The problem was, she decided, that the refugees were used to seeing her. Except every other time when they’d been seeing her, she’d had someplace to go.
She’d just resigned herself to collaring people at random until she found someone who spoke enough Uthman or Rasan to take her to a leader when someone she recognized stepped up. A blue coat thrown loosely over his shirt, his collar untied, it was the shaman-rememberer Jurchadai.
She opened her mouth to explain that he and his people needed to evacuate, that except for the few who stayed behind to mind the Citadel, the wizards were surrendering Tsarepheth to the volcano. He spoke before she could shape the words.
“Re Temur is Khagan.”
She choked; swallowed the words she had meant to say; spat out the ones that formed in their place. “Qori Buqa is Khagan.”
“He is,” said Jurchadai.
“How can that be?” Tsering asked, uneasily certain that she already knew the answer. “That two men may be Khagan?”
“Two men may call themselves Khagan,” the shaman-rememberer said. “Until one of them is dead.”
* * *
It had been a beautiful wedding. All the more so because al-Sepehr had planned it himself. Oh, not the ceremony, carried out at the hands of one of the Qersnyk she-male monstrosities they called priests. And not the horse races, the archery competition, the lancers on galloping mares tilting at rings and each other. Not the endless ritual exchange of gifts between the bride’s family—in this case al-Sepehr—and the groom’s family and war-band … although al-Sepehr could not deny the bride-wealth would be usefully deployed to hire more disposable mercenaries.
Certainly
not the food. Or the rotten mare’s milk served as a beverage. And al-Sepehr found himself wincing a little when the groom lifted his new bride over the withers of a blood-shouldered gray—carefully, with respect for her gravid state, for all it was in its early stages. Bitterly, he wished that Shahruz were there beside him, to share his discomfort in this barbaric ceremony with its bare-faced, swollen-bellied “bride.”
Amid a great deal of whooping and protests—both from al-Sepehr’s chosen escort of Nameless and from the war band of the new Khagan, Qori Buqa rode off with the twins into the distance, leading a dappled mare who would serve as the twins’ mount once they were a discrete distance away.
There were protests but no whooping when the twins rode back the next day, leading Qori Buqa’s mare. She was burdened with the body of Saadet’s husband, draped flaccidly across the Padparadscha Seat.
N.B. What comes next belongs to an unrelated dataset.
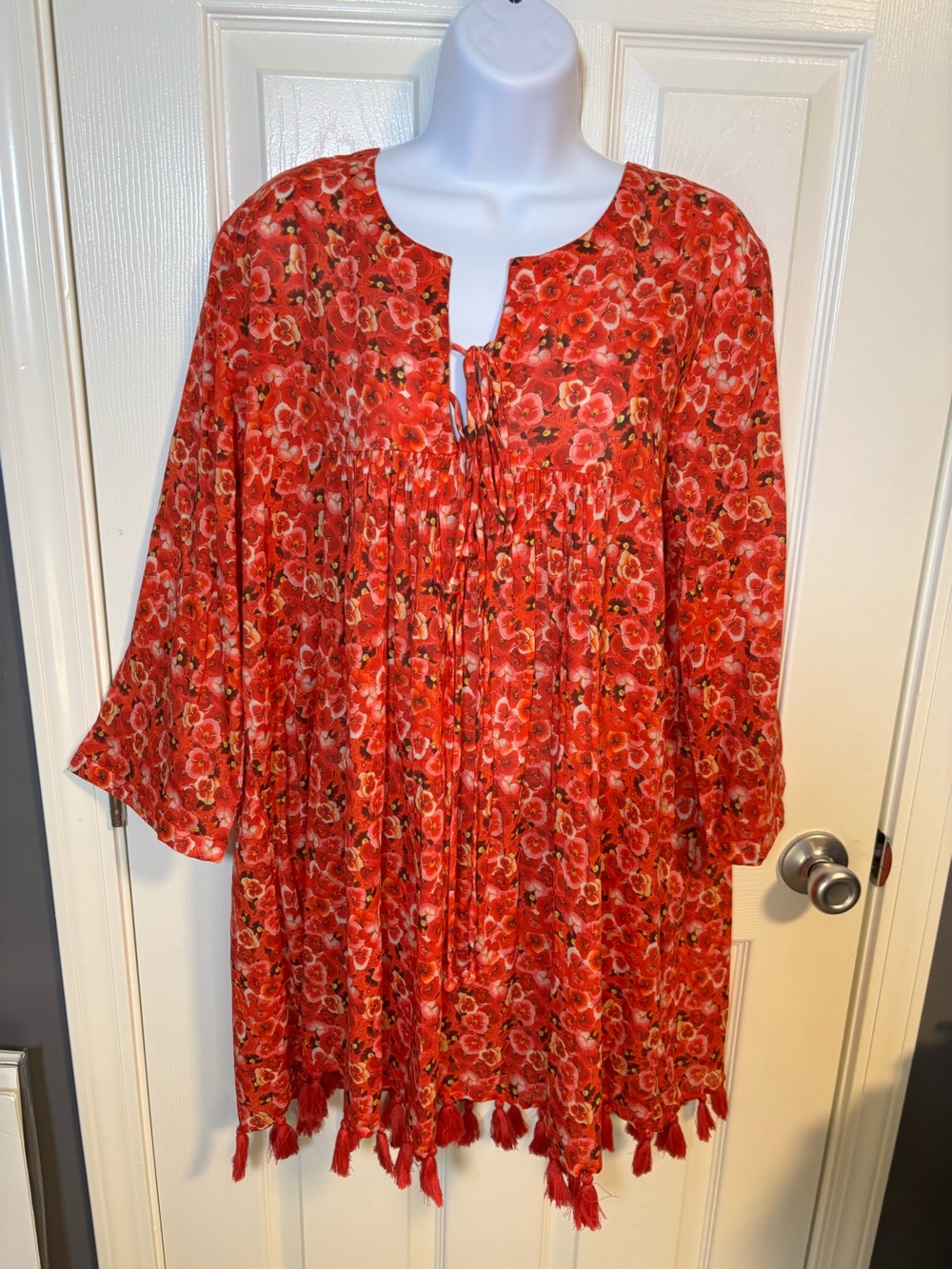 Ro’s Garden pink floral tunic dress with tie front and tassels, size L-NWT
He had fallen racing his new wife, she said. Like his father, and broken his neck in the slide from a running mare.
* * *
“My daughter’s son will be Qori Buqa’s heir,” said al-Sepehr, dropping a hand upon the twins’ shoulder. Saadet kept her head down demurely, her hands hidden in a fold of cloth in her lap. Al-Sepehr thought he was the only one who could see that she was picking at the edge of her nail. “My daughter is his regent. That is how it shall be.”
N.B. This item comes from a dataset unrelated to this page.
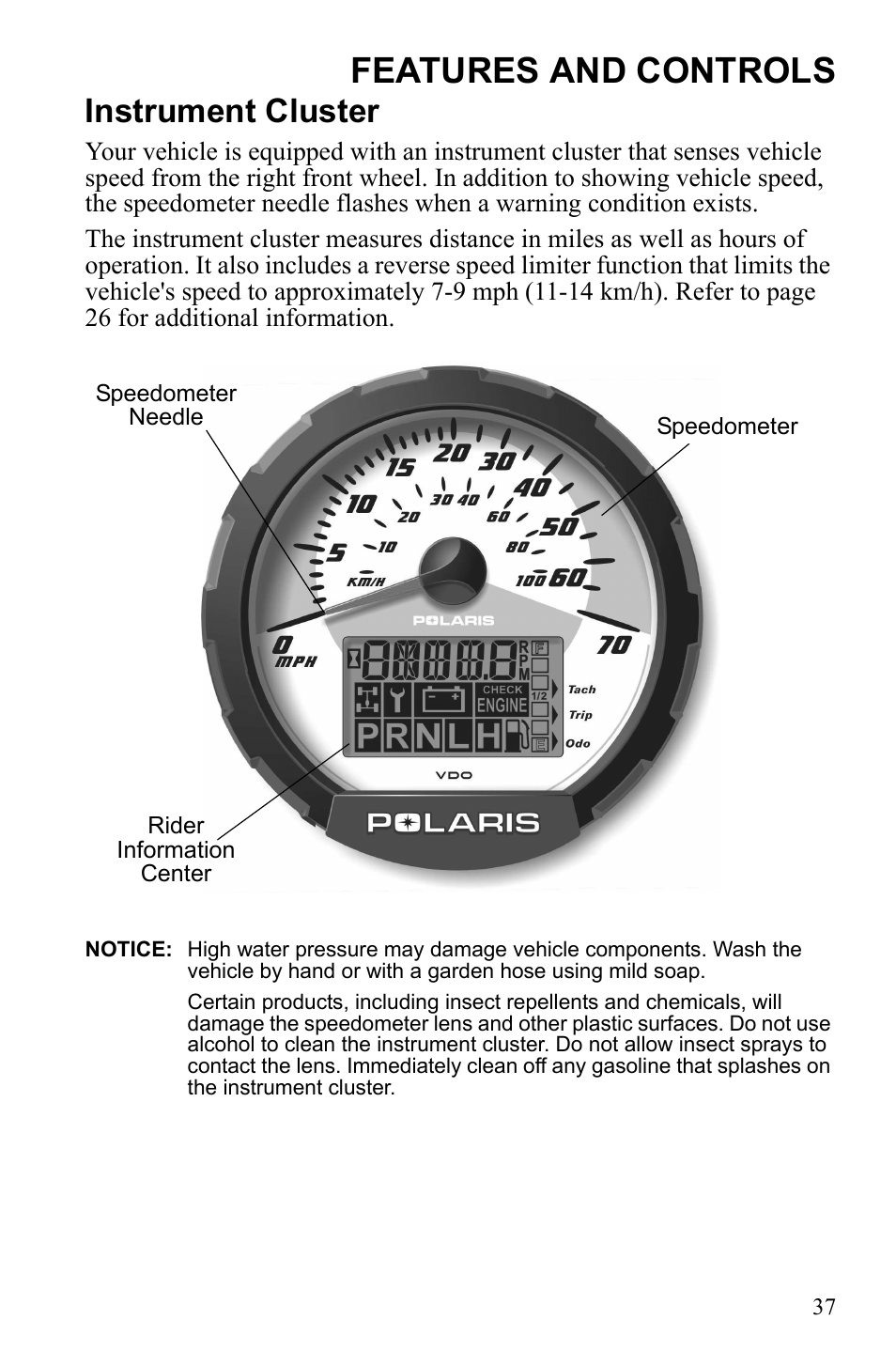 Features and controls, Instrument cluster | Polaris Sportsman 9922233 User Manual | Page 41 / 143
The war-band in the council chamber did not like it. They shifted in their yoke-backed chairs, and one with gray streaks in his hair—al-Sepehr wondered if he should have bothered to learn the man’s name—stood up. He said, “Qori Buqa has other sons. Your daughter’s child may be a girl, yet—”
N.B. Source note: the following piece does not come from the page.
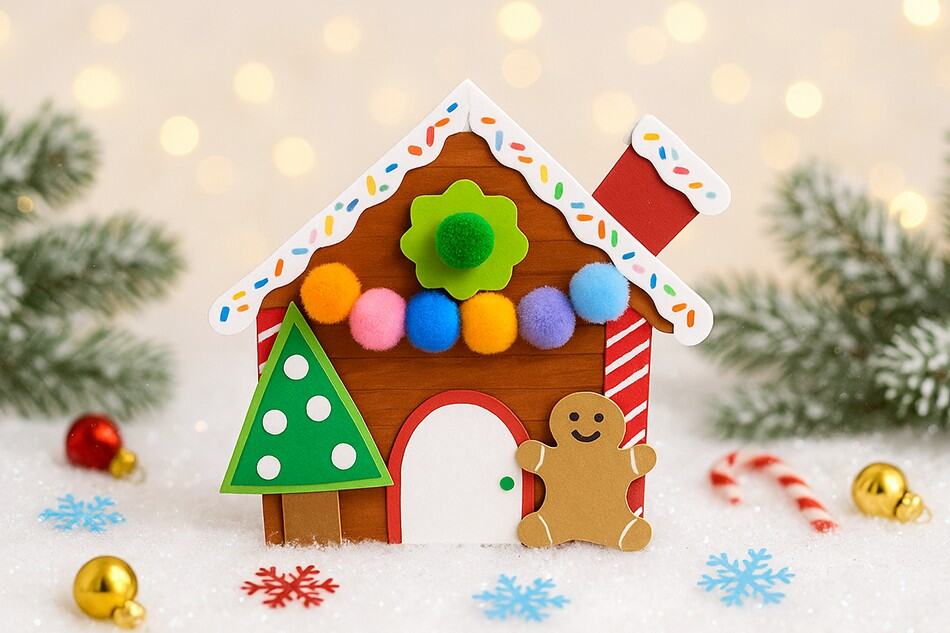 Popsicle Stick Gingerbread House Craft for kids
They had argued the night through. The sky was silvering. Soon the sun would rise. “Qori Buqa had no other sons in wedlock.”
The gray-haired man slammed his hand down on the table.
Barbaric children.
“As if your bizarre prejudices matter!”
But another man, this one with a forked beard and a high forehead, put a hand on his war-band brother’s arm. “The girl has spirit,” he said. “And sense. If she accepts our counsel, why not? We will need united tribes, if Otgonbayar’s son Temur is raising an army. Do you think he’d let a one of us live,
forgive
a one of us, if he came to power?”
The gray-haired man frowned. But they all knew—word had come through the shaman-rememberers—that Re Temur had raised his banner.